» **Required action**
Write out exactly the lines from the one that contains "Ljubavni kauč s" down to the last line of the material below, keeping both ends and omitting pictures.

» **Data section**
★ ★ ★ ★ ★

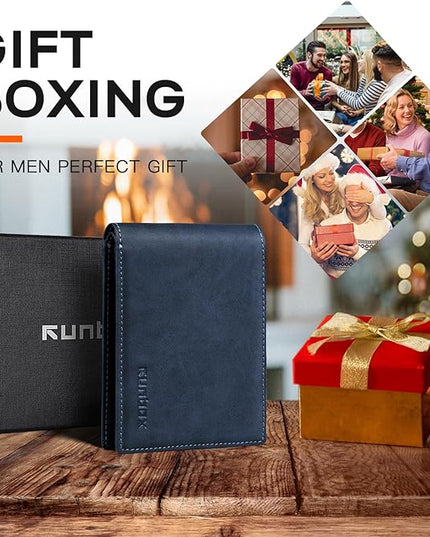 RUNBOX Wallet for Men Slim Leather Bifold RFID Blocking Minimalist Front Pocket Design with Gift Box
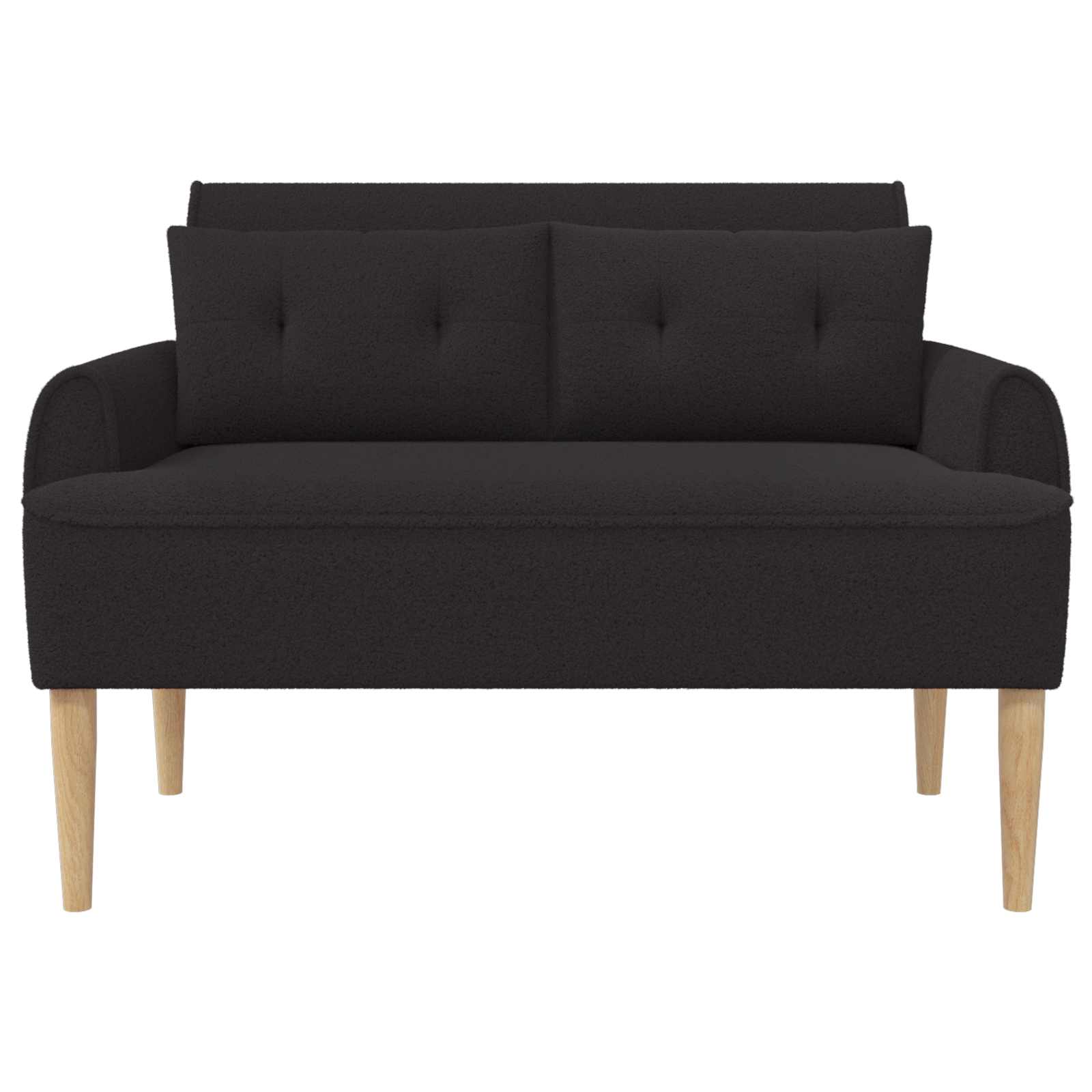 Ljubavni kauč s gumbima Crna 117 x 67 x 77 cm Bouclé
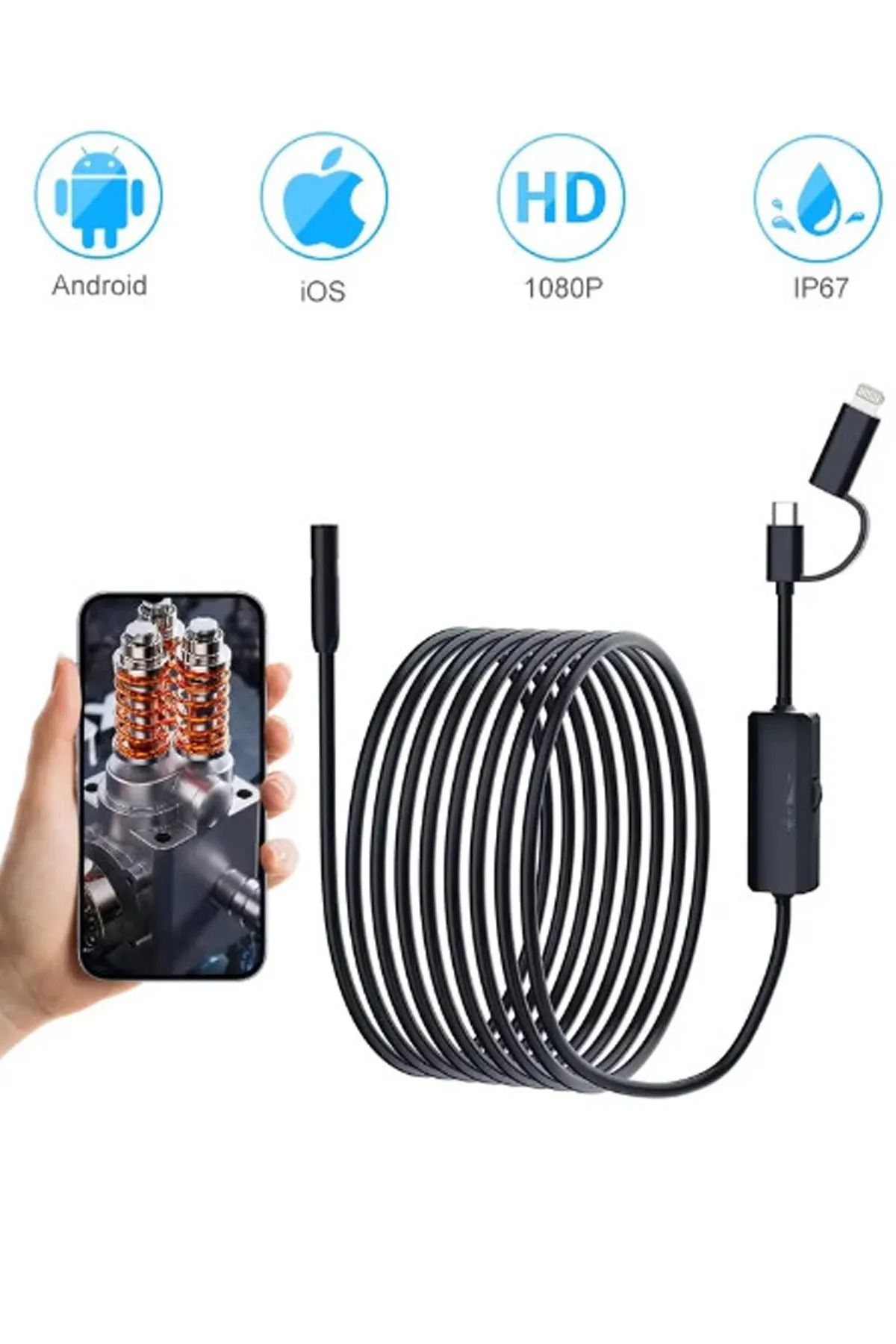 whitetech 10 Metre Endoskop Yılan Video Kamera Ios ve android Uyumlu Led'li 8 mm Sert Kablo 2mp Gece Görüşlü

★ ★ ★ ★ ★

» **Task answer**
 Ljubavni kauč s gumbima Crna 117 x 67 x 77 cm Bouclé
 whitetech 10 Metre Endoskop Yılan Video Kamera Ios ve android Uyumlu Led'li 8 mm Sert Kablo 2mp Gece Görüşlü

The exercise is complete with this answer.